January 23rd, 2011 was a day that brought Bears fans more questions than answers.
The Bears lost the NFC Championship game by seven points to the eventual Super Bowl Champion Green Bay Packers. There should be no shame in this result, and yet there was.
The Bears 2010 season should have provided the Bears fans and the team with a sense of pride and a image of a team moving forward.
2009 saw the Bears bring in Jay Cutler—the Bears first franchise-quality quarterback since Sid Luckman—in arguably the biggest trade of the decade, and possibly the biggest trade in Chicago Bears history, only to see the Bears flounder with the defensive loss of Brian Urlacher and with then-offensive coordinator Ron Turner squandering Cutler's abilities offensively.
The Bears would miss the playoffs with a 7-9 record and the defense would allow the sixth most points in the Chicago Bears 91-year franchise history.
Fast forward to 2010. The Bears, running short on draft picks, made a huge splash in free agency.
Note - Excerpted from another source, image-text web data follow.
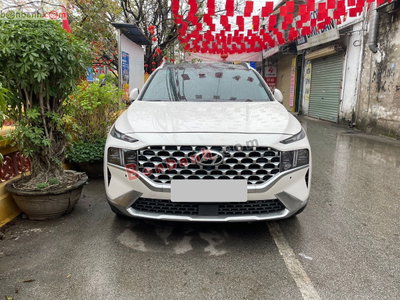 Xe Hyundai SantaFe Cao cấp 2.5L HTRAC 2024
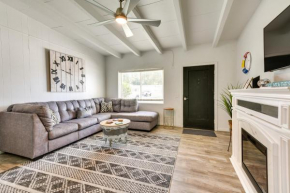 Cozy Fort Walton Beach Escape with Private Patio!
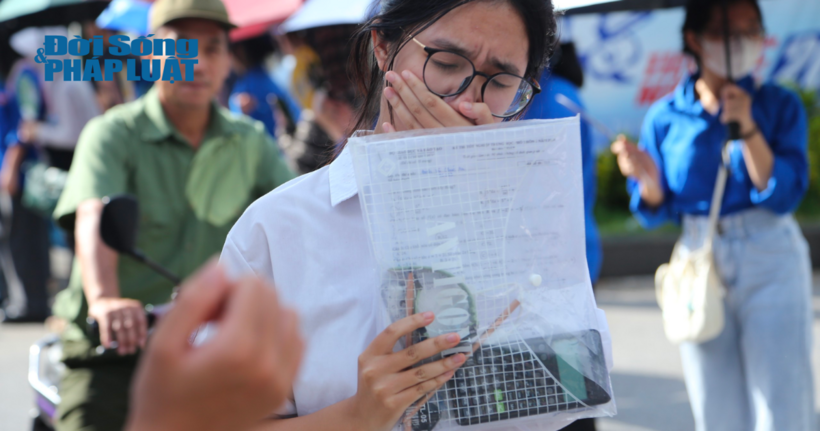 Nhiều thí sinh than khó khi kết thúc môn Toán.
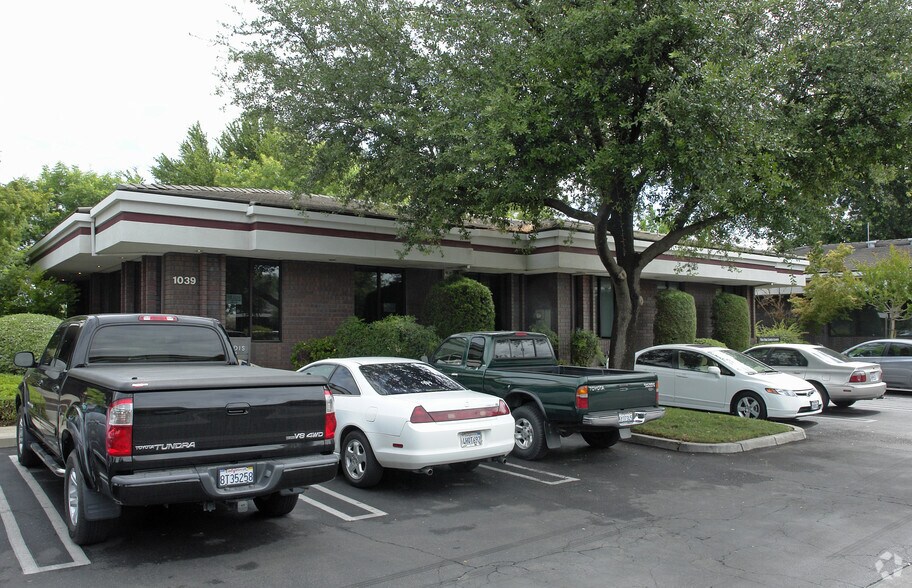 Primary Photo Of 1037-1039 N Demaree Rd, Visalia Office For Lease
Carolina DE/monster Julius Peppers was signed, along with mammoth blocking TE Brandon Manumaleuna and respected complimentary back Chester Taylor, on the first day of free agency.
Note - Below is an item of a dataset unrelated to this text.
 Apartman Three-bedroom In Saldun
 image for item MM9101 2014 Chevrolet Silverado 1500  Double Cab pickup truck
The ejector-seat button was pressed and Ron Turner disappeared from the Bears staff, eventually replaced by former Rams head coach Mike Martz. Lovie Smith also canned himself as the Bears defensive coordinator and promoted defensive line coach and former Lions head coach Rod Marinelli to the spot. In an attempt to tune the ailing offensive line, former Vikings head coach Mike Tice was brought in to coach the offensive trench-minders.
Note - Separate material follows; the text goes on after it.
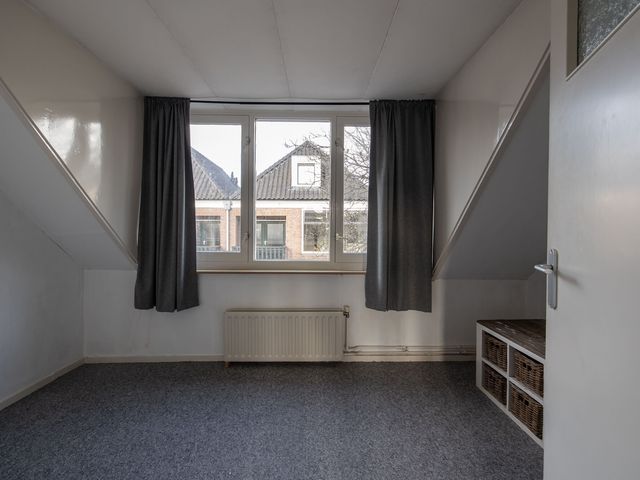 West 36, Hoorn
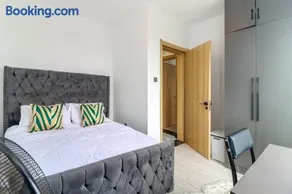 modern serenity suites apartments with swimming pool,modern equipped gym,private parking space, children playing ground, proximity to major shopping malls and unbeatable city views - Image 3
Looking at the end result, these moves seemed to have improved the Bears team. 2010 saw the Bears adding four wins to their record over the previous season, as well as a division championship, a playoff win and an appearance in the NFC Conference Championship Game.
But a more than cursory look reveals that the Bears left serious questions that must be answered following the 2010 season, regardless of it's successes.